WHAT THE EXERCISE ASKS
All lines from the one that has "Die Studierenden kamen" onward to the end of the records below are to be returned exactly; pictures are to be skipped.

RECORDS PROVIDED
- Opening Delimiter -
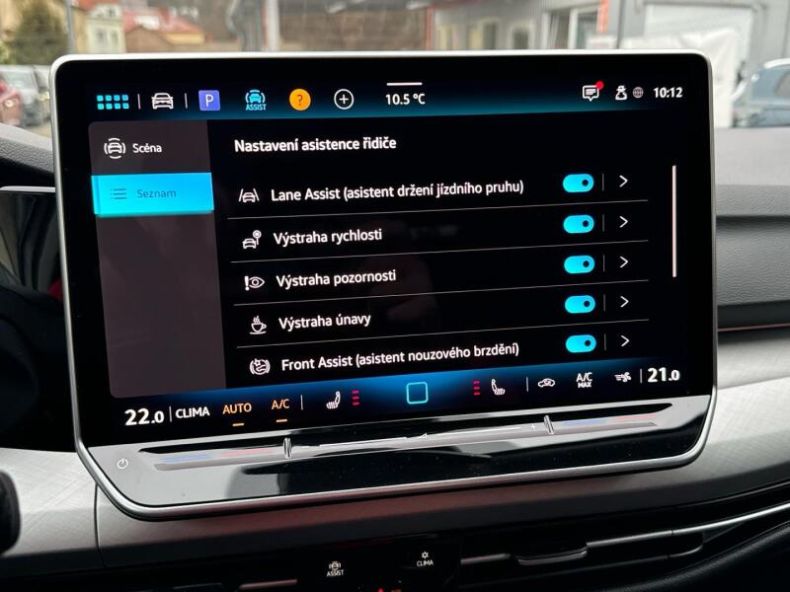 Volkswagen Golf - hlavní fotka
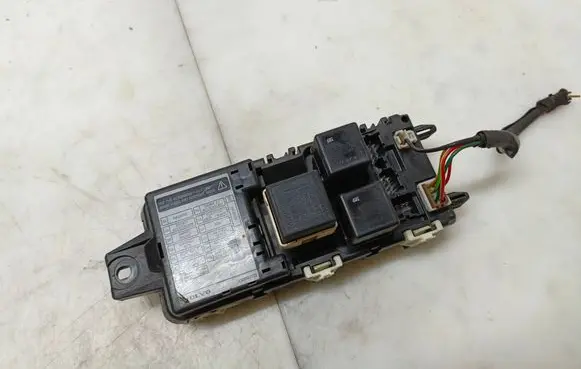 Fuse box set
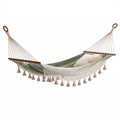 Hamac 320 cm en tissu vert et beige avec barres en bois style bohème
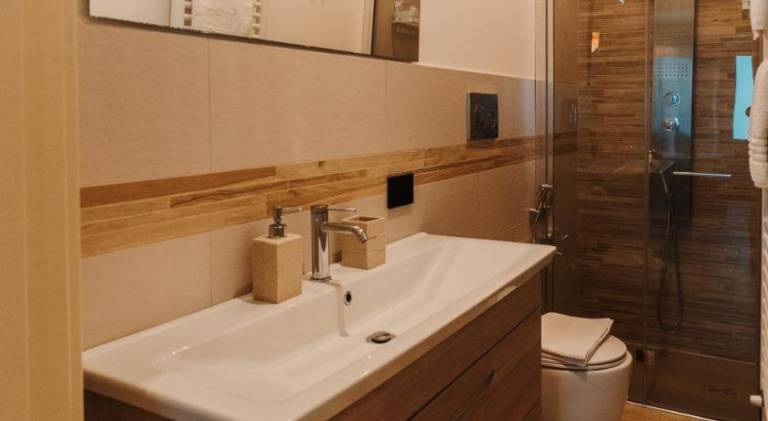 Pleasant vacation home with patio | Close to Florence Cathedral | Pet-friendly — photo 2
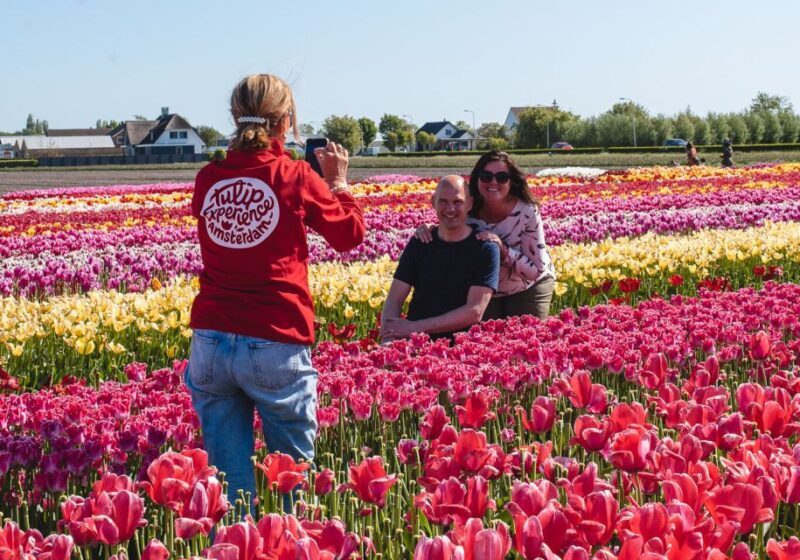 From Amsterdam: Keukenhof Gardens & Tulip Experience Tour - FAQs
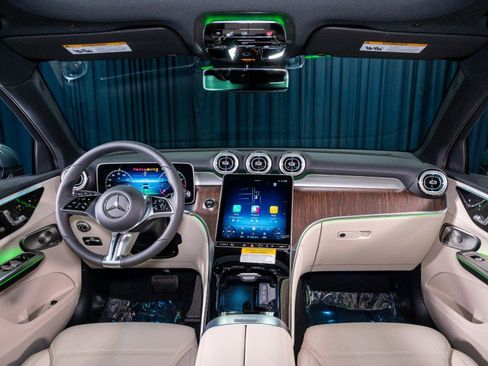 New 2026 Mercedes-Benz GLC 300 4MATIC image 13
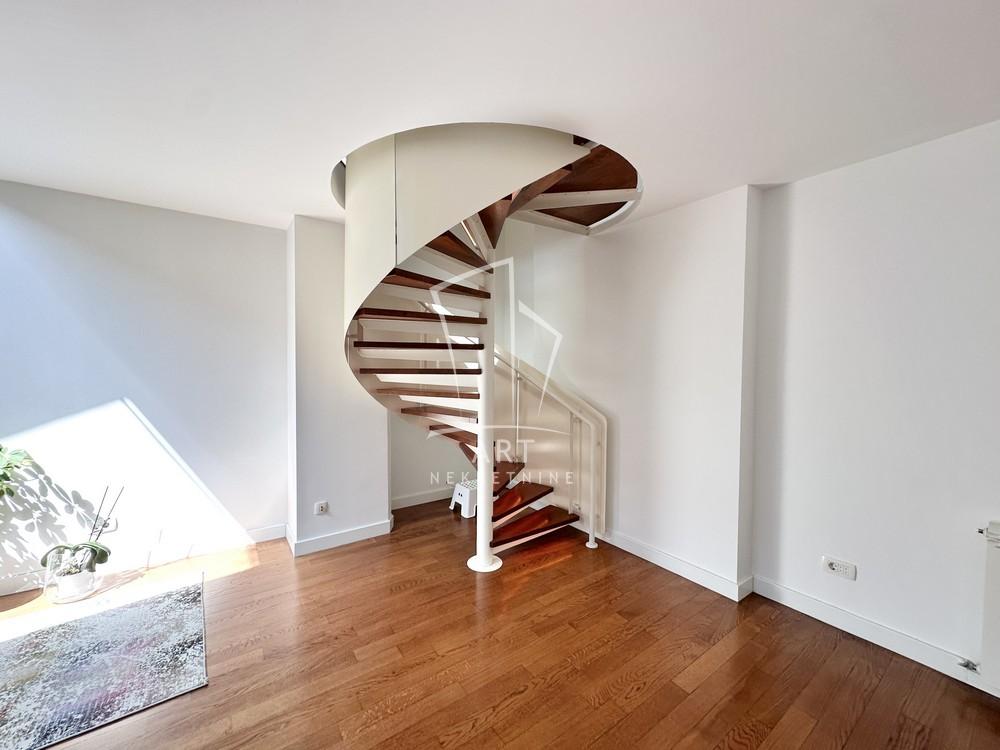 Stan na prodaju u Beogradu, Novi Beograd, cetvorosoban, 108m2, cena 396000 evra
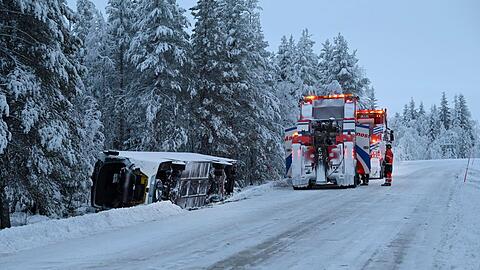 Die Studierenden kamen überwiegend mit dem Schrecken und leichteren Verletzungen davon.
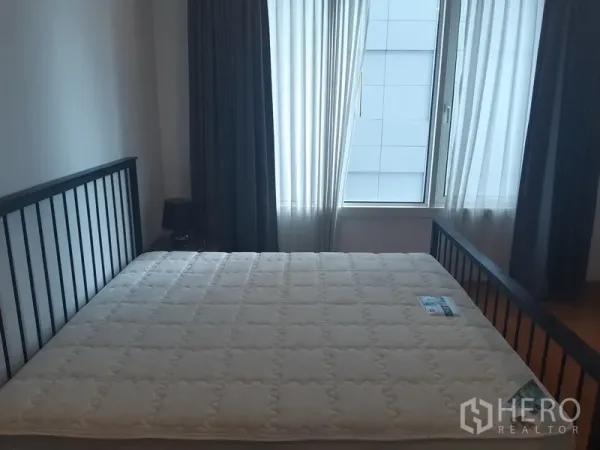 คอนโด ให้เช่าในKhlong Toei, Bangkok - ห้องนอนหลักมีหน้าต่างบานใหญ่ ม่านทึบและม่านโปร่ง พร้อมเตียงควีน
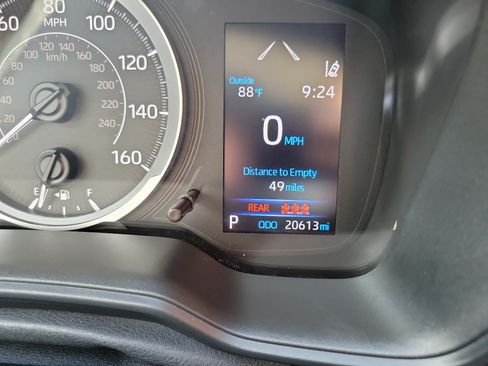Used 2022 Toyota Corolla LE FWD image 29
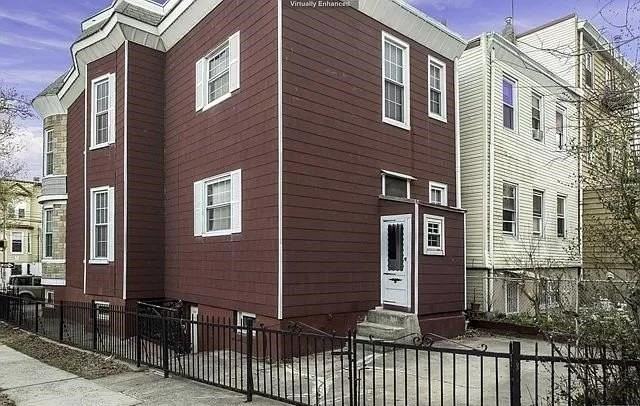 48 Jefferson Ave #1 - Photo 2 of 16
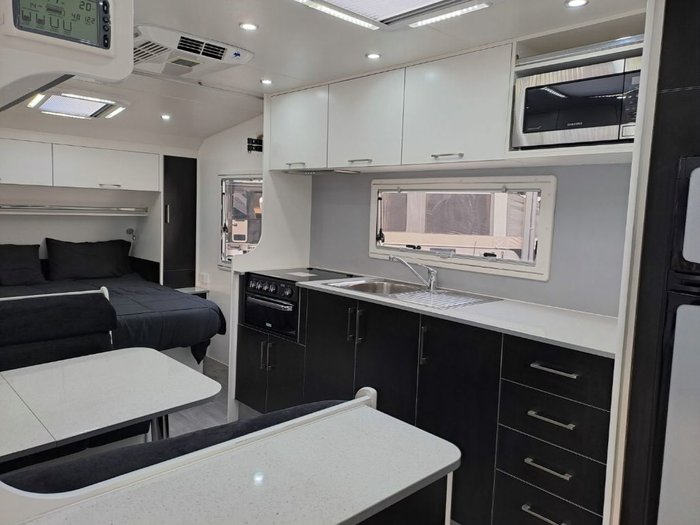 2016 NEW AGE CARAVANS MANTA RAY MR19E-SE GREY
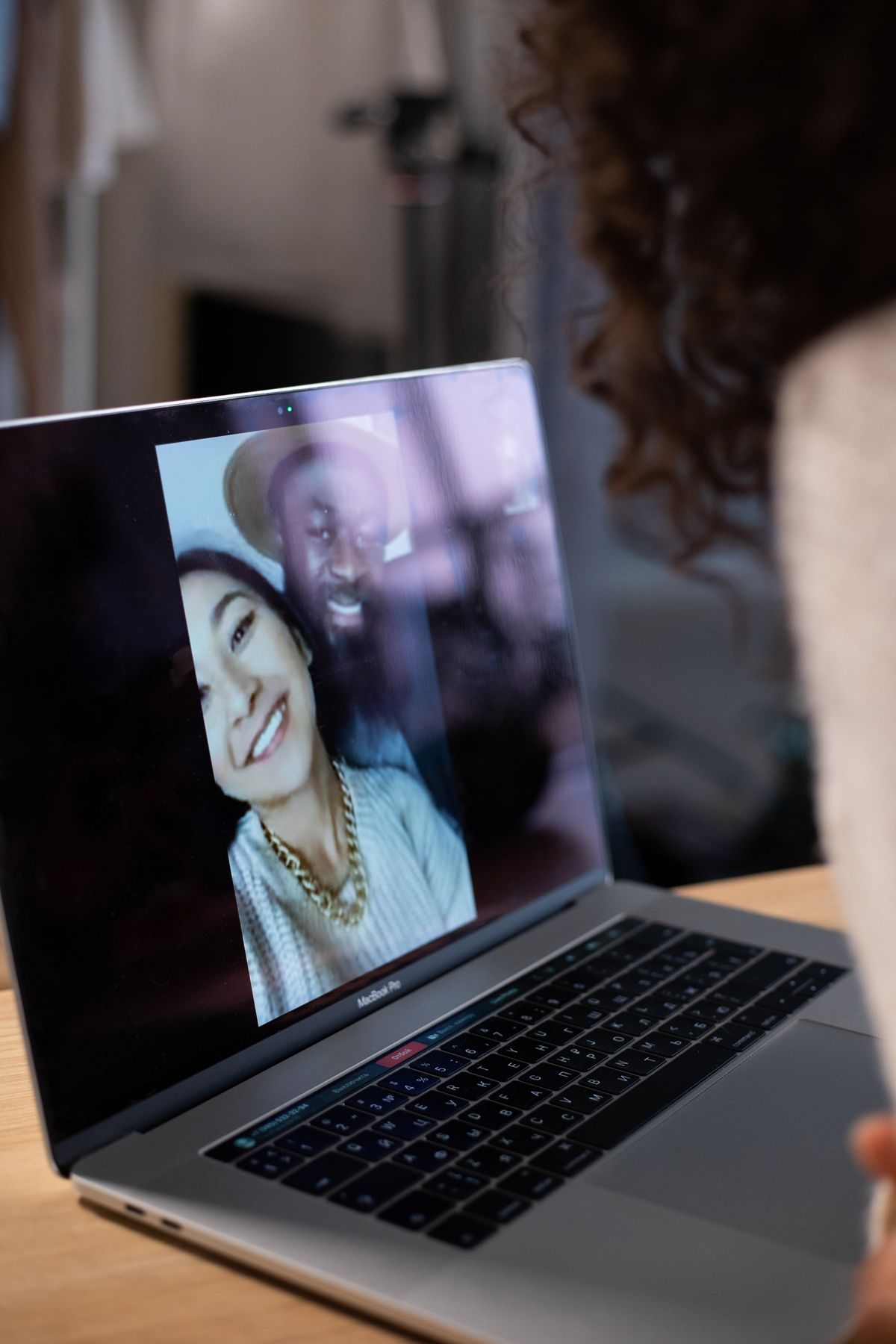 Laptop met privacy en databeveiliging bij automatisch notuleren met AI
- Closing Delimiter -
SOLUTION
 Die Studierenden kamen überwiegend mit dem Schrecken und leichteren Verletzungen davon.
 คอนโด ให้เช่าในKhlong Toei, Bangkok - ห้องนอนหลักมีหน้าต่างบานใหญ่ ม่านทึบและม่านโปร่ง พร้อมเตียงควีน
Used 2022 Toyota Corolla LE FWD image 29
 48 Jefferson Ave #1 - Photo 2 of 16
 2016 NEW AGE CARAVANS MANTA RAY MR19E-SE GREY
 Laptop met privacy en databeveiliging bij automatisch notuleren met AI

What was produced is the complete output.